In determining whether the defendant’s conduct is reasonable, the court is to consider:
- the public interest in the matter, and
- whether the material relates to the performance of public functions, and
- the seriousness of any defamatory imputation, and
- whether the material distinguishes between suspicions, allegations and proven facts, and
- whether it was in the public interest to publish the matter expeditiously, and
- the nature of the business environment in which the defendant operates, and
- the integrity of the sources of the information;
- whether the substance of the material is person’s side of the story and, if not, whether a reasonable attempt was made by the defendant to obtain and publish a response from the person, and
- any other steps taken to verify the matter published, and
- any other circumstances that the court considers relevant.
The section provides that a recipient only has an apparent interest in the information on some subject if at the time of the publication in question, the defendant believes on reasonable grounds that the recipient has that interest.
Section 31 provides a defence where the defendant, or an employee or agent of the defendant, or commentator, establishes that:
- the matter was an expression of opinion of the defendant rather than a statement of fact, and
- the opinion related to a matter of public interest, and
- the opinion is based on proper material.
Proper material is that which:
- is substantially true, or
- was published under absolute or qualified privilege, or
- was published in a context that attracted the protection of a defence under this section, or the defence of public documents or fair reporting.
The section further states that an opinion does not cease to be based on proper material only because some of the material on which it is based is such if the opinion might reasonably be based on such of the material as is proper material.
A defence of honest opinion is only defeated if the plaintiff proves that: the opinion was not honestly held by the defendant, or any employee or agent or the commentators as the case may be, at the time the defamatory matter was published,
Section 32 makes it a defence where it is proved the defendant:
- published the material merely in the capacity, or as an employee or agent, of a subordinate distributor, and
- neither knew, nor ought reasonably to have known, that the matter was defamatory, and
- lack of knowledge was not due to any negligence on the part of the defendant.
A subordinate distributor is someone who:
- was not the first or primary distributor of the matter, and
- was not the author or originator of the matter, and
- did not have any capacity to exercise editorial control over the content of the material or publication thereof before it was first published.

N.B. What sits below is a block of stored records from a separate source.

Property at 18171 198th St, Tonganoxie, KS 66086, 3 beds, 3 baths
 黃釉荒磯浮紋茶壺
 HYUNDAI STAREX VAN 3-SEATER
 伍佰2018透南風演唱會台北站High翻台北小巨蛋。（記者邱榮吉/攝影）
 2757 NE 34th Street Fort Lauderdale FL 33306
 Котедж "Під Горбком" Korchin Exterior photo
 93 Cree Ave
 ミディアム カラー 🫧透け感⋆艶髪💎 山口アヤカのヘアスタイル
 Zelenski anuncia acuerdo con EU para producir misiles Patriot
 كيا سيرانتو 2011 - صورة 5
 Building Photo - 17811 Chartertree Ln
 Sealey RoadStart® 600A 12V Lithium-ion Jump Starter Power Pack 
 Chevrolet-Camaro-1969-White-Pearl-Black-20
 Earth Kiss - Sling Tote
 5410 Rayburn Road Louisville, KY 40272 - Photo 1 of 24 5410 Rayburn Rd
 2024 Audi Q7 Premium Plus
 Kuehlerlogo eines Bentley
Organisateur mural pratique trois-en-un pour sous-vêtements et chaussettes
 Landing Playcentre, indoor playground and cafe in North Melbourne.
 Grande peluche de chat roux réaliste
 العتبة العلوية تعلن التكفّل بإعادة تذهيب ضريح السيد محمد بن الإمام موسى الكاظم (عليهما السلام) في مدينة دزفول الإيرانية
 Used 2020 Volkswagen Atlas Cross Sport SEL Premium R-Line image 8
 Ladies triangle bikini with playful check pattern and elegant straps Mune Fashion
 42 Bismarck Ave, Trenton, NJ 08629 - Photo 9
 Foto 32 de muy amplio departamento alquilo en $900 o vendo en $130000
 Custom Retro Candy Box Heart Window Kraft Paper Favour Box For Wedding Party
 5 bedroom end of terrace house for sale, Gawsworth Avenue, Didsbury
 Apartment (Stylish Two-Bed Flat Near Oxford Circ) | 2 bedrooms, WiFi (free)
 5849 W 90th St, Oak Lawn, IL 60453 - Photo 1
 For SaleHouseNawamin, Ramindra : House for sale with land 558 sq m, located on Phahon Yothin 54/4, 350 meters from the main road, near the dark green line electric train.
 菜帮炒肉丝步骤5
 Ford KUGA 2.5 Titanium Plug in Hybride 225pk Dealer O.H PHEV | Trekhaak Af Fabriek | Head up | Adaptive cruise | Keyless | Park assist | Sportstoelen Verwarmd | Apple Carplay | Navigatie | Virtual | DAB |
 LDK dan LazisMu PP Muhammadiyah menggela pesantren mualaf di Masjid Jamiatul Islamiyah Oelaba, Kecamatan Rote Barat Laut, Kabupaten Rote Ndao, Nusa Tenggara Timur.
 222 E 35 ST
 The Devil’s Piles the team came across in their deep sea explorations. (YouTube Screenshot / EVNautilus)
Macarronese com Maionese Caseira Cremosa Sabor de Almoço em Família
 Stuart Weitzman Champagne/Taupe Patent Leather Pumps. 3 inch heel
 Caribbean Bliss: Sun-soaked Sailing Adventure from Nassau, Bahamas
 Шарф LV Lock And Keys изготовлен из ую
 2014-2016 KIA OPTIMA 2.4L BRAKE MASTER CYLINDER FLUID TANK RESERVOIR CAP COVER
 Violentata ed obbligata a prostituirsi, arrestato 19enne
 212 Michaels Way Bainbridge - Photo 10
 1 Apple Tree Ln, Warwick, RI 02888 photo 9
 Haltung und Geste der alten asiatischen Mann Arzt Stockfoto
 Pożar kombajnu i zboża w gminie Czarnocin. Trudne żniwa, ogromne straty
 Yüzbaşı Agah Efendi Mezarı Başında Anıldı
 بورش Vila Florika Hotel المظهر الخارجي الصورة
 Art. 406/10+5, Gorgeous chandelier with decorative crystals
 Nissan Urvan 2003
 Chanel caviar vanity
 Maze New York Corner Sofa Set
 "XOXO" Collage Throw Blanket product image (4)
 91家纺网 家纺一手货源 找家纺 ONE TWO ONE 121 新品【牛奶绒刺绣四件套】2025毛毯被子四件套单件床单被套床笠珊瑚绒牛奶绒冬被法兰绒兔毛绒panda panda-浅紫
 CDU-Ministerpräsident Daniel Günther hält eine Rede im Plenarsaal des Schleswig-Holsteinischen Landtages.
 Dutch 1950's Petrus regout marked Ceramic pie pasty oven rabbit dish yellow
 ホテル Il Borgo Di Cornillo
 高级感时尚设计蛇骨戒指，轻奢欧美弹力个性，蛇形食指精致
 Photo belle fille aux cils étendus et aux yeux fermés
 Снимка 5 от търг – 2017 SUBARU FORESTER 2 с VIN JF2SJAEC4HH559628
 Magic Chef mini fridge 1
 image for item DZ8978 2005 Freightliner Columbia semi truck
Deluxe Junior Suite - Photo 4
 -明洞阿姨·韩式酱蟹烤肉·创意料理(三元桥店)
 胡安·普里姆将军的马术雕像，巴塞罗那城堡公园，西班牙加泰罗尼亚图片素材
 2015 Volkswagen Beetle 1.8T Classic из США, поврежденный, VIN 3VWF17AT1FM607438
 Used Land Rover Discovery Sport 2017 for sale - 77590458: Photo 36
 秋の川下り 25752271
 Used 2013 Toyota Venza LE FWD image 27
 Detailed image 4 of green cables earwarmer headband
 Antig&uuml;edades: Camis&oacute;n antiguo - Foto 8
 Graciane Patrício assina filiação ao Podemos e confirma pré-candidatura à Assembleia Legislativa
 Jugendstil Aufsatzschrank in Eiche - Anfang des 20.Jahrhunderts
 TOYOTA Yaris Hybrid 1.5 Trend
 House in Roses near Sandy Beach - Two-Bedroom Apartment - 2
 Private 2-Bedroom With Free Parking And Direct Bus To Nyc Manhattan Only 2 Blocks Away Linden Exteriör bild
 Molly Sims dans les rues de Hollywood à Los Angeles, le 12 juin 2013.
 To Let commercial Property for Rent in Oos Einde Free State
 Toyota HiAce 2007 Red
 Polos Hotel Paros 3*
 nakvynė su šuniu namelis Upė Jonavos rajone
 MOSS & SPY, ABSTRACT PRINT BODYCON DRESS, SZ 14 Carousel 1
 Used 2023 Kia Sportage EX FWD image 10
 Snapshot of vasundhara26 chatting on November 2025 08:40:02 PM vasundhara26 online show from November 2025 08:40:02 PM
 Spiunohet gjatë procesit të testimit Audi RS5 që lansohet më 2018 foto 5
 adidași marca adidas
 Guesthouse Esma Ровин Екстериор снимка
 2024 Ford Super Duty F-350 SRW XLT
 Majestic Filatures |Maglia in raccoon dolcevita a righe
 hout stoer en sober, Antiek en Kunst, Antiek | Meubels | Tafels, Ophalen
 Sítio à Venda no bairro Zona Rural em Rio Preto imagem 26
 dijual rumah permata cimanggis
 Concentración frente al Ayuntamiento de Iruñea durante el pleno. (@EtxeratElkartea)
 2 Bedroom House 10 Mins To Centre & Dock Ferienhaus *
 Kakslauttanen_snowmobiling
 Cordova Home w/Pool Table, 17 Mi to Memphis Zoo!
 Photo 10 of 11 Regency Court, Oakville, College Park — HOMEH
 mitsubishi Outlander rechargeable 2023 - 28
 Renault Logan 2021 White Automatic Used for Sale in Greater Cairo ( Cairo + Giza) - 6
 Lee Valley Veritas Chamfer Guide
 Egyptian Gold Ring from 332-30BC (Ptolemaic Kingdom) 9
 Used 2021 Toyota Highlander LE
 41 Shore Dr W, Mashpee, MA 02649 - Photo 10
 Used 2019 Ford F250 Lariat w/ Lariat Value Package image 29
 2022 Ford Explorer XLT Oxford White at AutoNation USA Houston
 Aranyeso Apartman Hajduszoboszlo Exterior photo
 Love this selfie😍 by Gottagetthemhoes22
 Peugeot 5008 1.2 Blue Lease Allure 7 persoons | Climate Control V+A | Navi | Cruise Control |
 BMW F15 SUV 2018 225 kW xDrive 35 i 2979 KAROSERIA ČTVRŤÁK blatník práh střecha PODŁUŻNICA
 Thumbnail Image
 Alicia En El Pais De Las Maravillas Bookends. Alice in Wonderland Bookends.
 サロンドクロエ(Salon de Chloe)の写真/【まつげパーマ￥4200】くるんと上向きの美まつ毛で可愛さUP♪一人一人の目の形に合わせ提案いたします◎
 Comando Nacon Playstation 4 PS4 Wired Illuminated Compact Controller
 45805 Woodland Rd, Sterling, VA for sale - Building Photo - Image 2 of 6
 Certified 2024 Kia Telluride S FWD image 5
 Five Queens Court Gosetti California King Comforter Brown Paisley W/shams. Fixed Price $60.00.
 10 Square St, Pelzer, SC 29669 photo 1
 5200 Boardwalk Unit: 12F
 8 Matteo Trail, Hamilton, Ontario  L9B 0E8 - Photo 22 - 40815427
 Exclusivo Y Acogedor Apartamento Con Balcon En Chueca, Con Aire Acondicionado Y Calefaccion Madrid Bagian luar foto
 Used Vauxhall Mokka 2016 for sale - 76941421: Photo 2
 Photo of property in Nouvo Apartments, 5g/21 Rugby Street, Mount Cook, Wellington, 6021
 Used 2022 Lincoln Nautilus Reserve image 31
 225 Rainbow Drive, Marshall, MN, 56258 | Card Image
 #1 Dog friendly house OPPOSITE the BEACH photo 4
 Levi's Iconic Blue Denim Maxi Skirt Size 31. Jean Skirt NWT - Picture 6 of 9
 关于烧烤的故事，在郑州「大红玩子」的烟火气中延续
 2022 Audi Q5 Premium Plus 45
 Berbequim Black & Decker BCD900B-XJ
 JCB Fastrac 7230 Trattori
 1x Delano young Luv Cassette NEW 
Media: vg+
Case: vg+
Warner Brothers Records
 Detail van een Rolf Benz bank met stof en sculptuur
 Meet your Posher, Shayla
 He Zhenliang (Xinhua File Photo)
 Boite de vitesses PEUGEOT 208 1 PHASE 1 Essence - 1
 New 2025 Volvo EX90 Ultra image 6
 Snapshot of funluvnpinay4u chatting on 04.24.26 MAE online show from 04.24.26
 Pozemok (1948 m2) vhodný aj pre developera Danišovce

The section provides that a person is not the first or primary distributor merely because he or she was involved in the capacity of a:
- bookseller, newsagent or news-vendor, or
- librarian, or
- wholesaler or retailer of the matter, or
- provider of postal or similar services by means of which the matter is published, or
- broadcaster of a live programme,
Or the provider of services consisting of the:
- processing, copying, distributing or selling of any electronic medium, or
- operation of, or the provision of any equipment, system or service, by means of which the matter is retrieved, copied, distributed or made available in electronic form, or
Or an operator of, or a provider of access to, a communications system by means of which the matter is transmitted, over whom the operator or provider has no effective control, or
Or a person who, on the instructions or at the direction of another person, prints or produces, reprints or reproduces or distributes the matter for or on behalf of that other person.
And finally, section 33 provides a defence where the defendant proves that the circumstances of publication were such that the plaintiff was unlikely to sustain any harm.